The world dropped away beneath them.
In the canyon below lay a structure that made the trio go silent.
A hive.
But not a natural one.
Half-organic, half-crystal.
Its foundation spread through the canyon like roots of obsidian and flesh. Massive plates of translucent crystal pulsed with red light, forming walls, towers, and curved arches that resembled the ribcage of some ancient beast.
Veins—literal glowing veins—ran across the hive's surface, pulsing slowly.
Like a heartbeat.
Vaibhav's breath hitched. "What… is that?"

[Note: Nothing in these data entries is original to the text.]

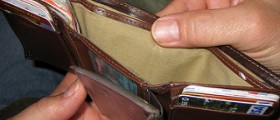 IVF Couples Under Financial Stress: Financial Crisis Rises IVF Treatment Costs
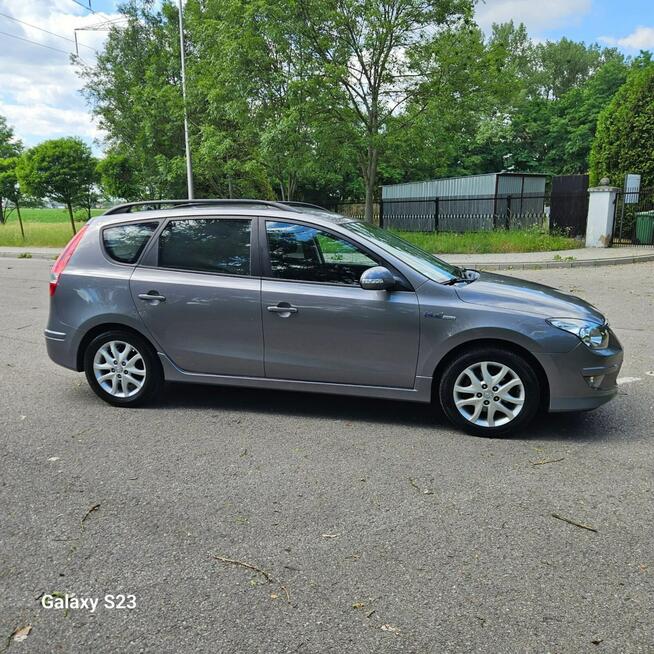Hyundai i30 i30cw 1.4 blue Comfort Mikołów - zdjęcie 8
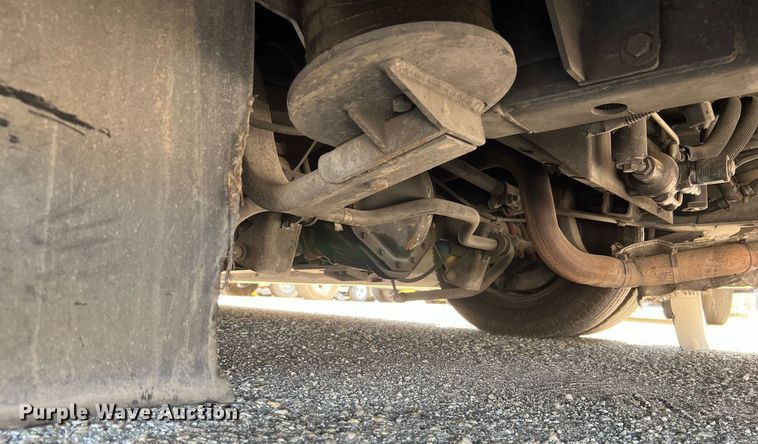 image for item LF9341 2016 Chevrolet Express G4500  shuttle bus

Thousands of beasts rushed down carved pathways into the canyon. Ramps spiraled downward from ridge to ridge, and the creatures descended with precision, funneling into cavern entrances arranged around the hive.
Alicia's eyes widened. "They're going into it."
Shin knelt at the cliff's edge and traced his fingers across the rock, as if checking something unseen. "Look closely."
The beasts weren't chaotic anymore.
They were forming lines.
Actual lines.
Mythic beasts stepped aside to allow lower-rank beasts to enter first. Mutated ones waited for space to open. Fire serpents coiled along the edges, guiding the weaker ones.
No sound of fighting.
No sound of panic.
Only the thunder of marching.
Vaibhav whispered, "This isn't migration. It's…"
Alicia finished it quietly.
"Following orders."
The hive pulsed again.
A deep, slow vibration that rattled the stones under their feet.
Shin rose slowly to his full height, eyes narrowing, jaw tightening.
"…This isn't natural."
The three stood together on the ridge, heat washing over them as the massive organism-structure continued to beat. Beasts poured inside like soldiers returning to a fortress—obedient, unthinking, unified.
A cavern door at the center of the hive glowed.
Red crystal plates shifted.
Moved.
Opened.
A low rumble echoed—not like a roar, but like something awakening.
The canyon trembled.
The air thickened.
The hive's central gate—towering, reinforced, glowing with pulsing veins—began to rise with agonizing slowness, revealing unfathomable darkness behind it.
As if something inside was breathing.
Waiting.
Inviting.
Vaibhav stepped back instinctively.
Alicia's fingers tightened around her blade.
Shin's expression hardened into the most serious look he'd worn since arriving on Ignis Prime.
The hive doors continued to open.
A slow, resonant creak.
As if welcoming them.
Inviting them inside.
The heat, the migration, the pulsing hive…
None of it compared to the presence emerging behind those growing shadows.
The trio did not speak.
They didn't need to.
Whatever lay beyond that door—
Was not meant for this world.
The canyon shook once more—
And the chapter ended with the hive yawning open.